Gli Stati membri non vogliono obbligare la popolazione a nutrirsi secondo i loro dettami, ma possono influirne le decisioni: etichette obbligatorie su nutrizione e provenienza del prodotto, evitare campagne pubblicitarie sulla carne a basso prezzo che offuschino la qualità del cibo e utilizzo di tassazioni diverse a seconda del prodotto, come la proposta di aggiungere una tassa di 1€/kg sulla carne dal 2023 al 2025, aumentandola progressivamente. Inoltre, l’Europa fornisce 30 miliardi di euro in sussidi per l’allevamento di bestiame, che, se reindirizzati verso l’agricoltura cellulare e la produzione di alimenti a base vegetale, potranno aiutare tale transizione. Queste due forme alternative di produzione del cibo, infatti, ridurrebbero le emissioni di GHG del 90% a parità di carne prodotta, nonché un uso limitato di acqua, pascoli e altre risorse. A tal proposito, il 27 aprile la Commissione europea ha registrato l’iniziativa End The Slaughter Age con la quale si chiede di eliminare i sussidi europei destinati all’allevamento, per convogliarli a forme di produzione di carne alternative, quali le due sopra citate. Il 5 giugno del 2022 è partita la raccolta firme. Può essere che in un anno non raggiungeranno quel milione di adesioni necessarie a prendere in considerazione la mozione, ma è certo che questa iniziativa non sarà isolata, data l’intenzione dell’Europa di incentivare un cibo più sostenibile.
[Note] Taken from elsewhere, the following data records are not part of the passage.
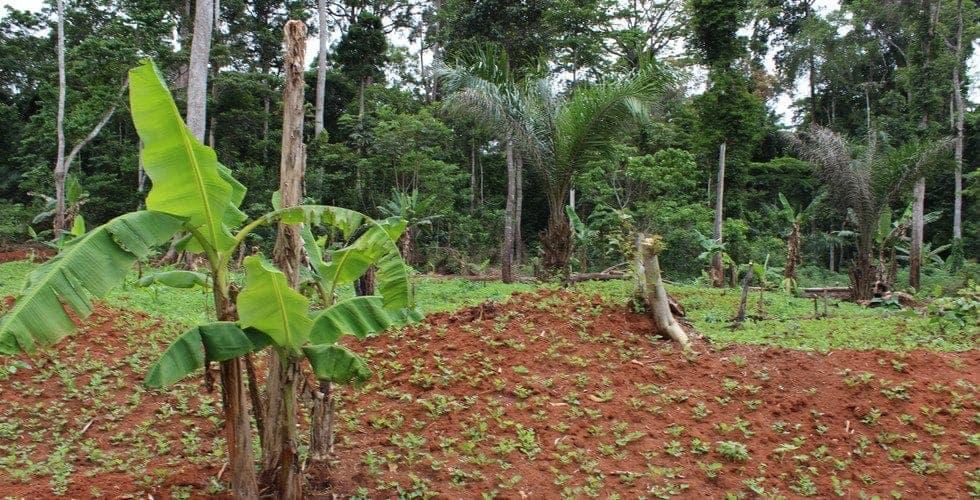 Champ cultivé au Cameroun, illustrant le domaine végétal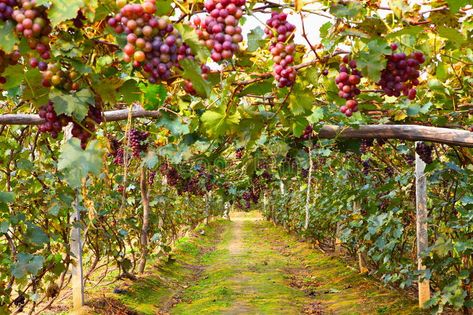 Grape Cluster. Grapes sit on the Vine with morning sunlight , #spon, #Grapes, #Cluster, #Grape, #sit, #sunlight #ad Grape Farm, Grape Vineyard, Morning Sunlight, Wine Country California, California Wine, Invasive Species, Wine And Spirits, Wine Country, Luxembourg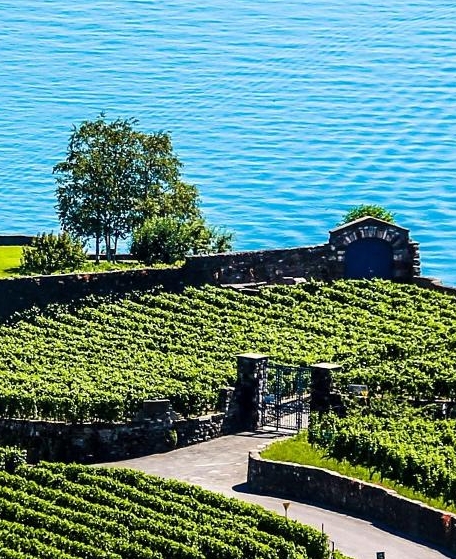 粉象生活能赚钱吗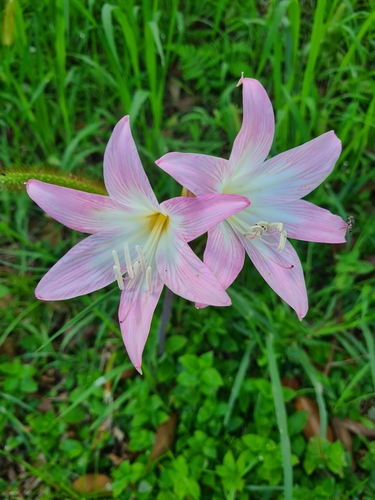 Amaryllis belladonna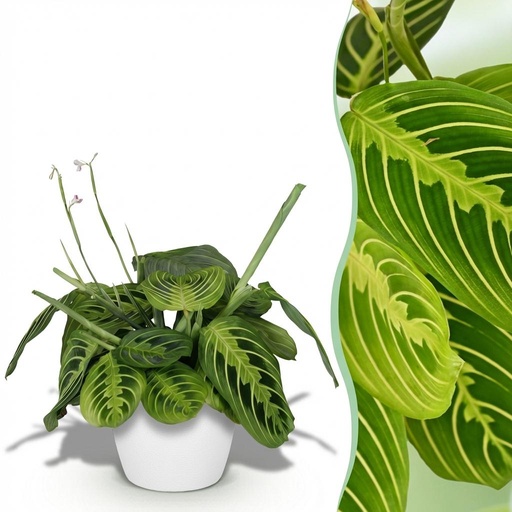 "Zimmerpflanze - Maranta Fascinator Lemon Lime - Gebetspflanze - Haustierfreundliche Pflanze - Grün - 1 Pflanze - mit Potter Weiß - Topf 12cm - Höhe 25cm image"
Altre forme di incentivo potranno essere la capacità degli agricoltori nel sequestrare la CO2 emessa, far entrare questo settore nel mercato dei certificati di CO2, l’uso di fonti pulite per l’energia necessaria alla produzione o digestori anaerobici per i biogas prodotti dai rifiuti di cibo.

Legati a questa trasformazione ci sono anche due aspetti sociali importanti, quali un trattamento più sano per gli animali e la riduzione del lavoro minorile a livello globale, dato che il 75% di questo abuso avviene proprio nel campo dell’agricoltura e dell’allevamento.

Le società impattate da questa trasformazione saranno tutte quelle coinvolte nella catena del valore del cibo, ovvero produttori di bestiame, aziende chimiche di fertilizzanti ed enzimi, società che forniscono e commercializzano i prodotti, ristornati, start up del cibo alternativo, società tecnologiche che realizzano l’attrezzatura per un’agricoltura più mirata e sostenibile, nonché compagnie farmaceutiche che eseguono test attraverso tutta la catena del valore.

Da questo gruppo, la trasformazione in atto favorirà soprattutto le società che producono enzimi e aromi e quelle che eseguiranno i test: le prime, perché vedranno il loro contributo alla generazione di prodotti a base vegetale lievitare all’85%, rispetto all’attuale 15% per un analogo tradizionale; le seconde, per un maggior controllo e per l’obbligatoria etichetta che dovrà essere applicata sui prodotti che saranno venduti nei supermercati.

Attualmente i cibi alternativi hanno un prezzo superiore a quelli tradizionali, ma stiamo paragonando un’industria nascente contro una che produce su grande scala da decenni, con processi ottimizzati. È facilmente intuibile come la nuova industria potrà avere costi minori col tempo, favorita da un aumento della produzione, dallo sviluppo della tecnologia e dalla capacità di sfruttare il 90% in meno di risorse del nostro pianeta.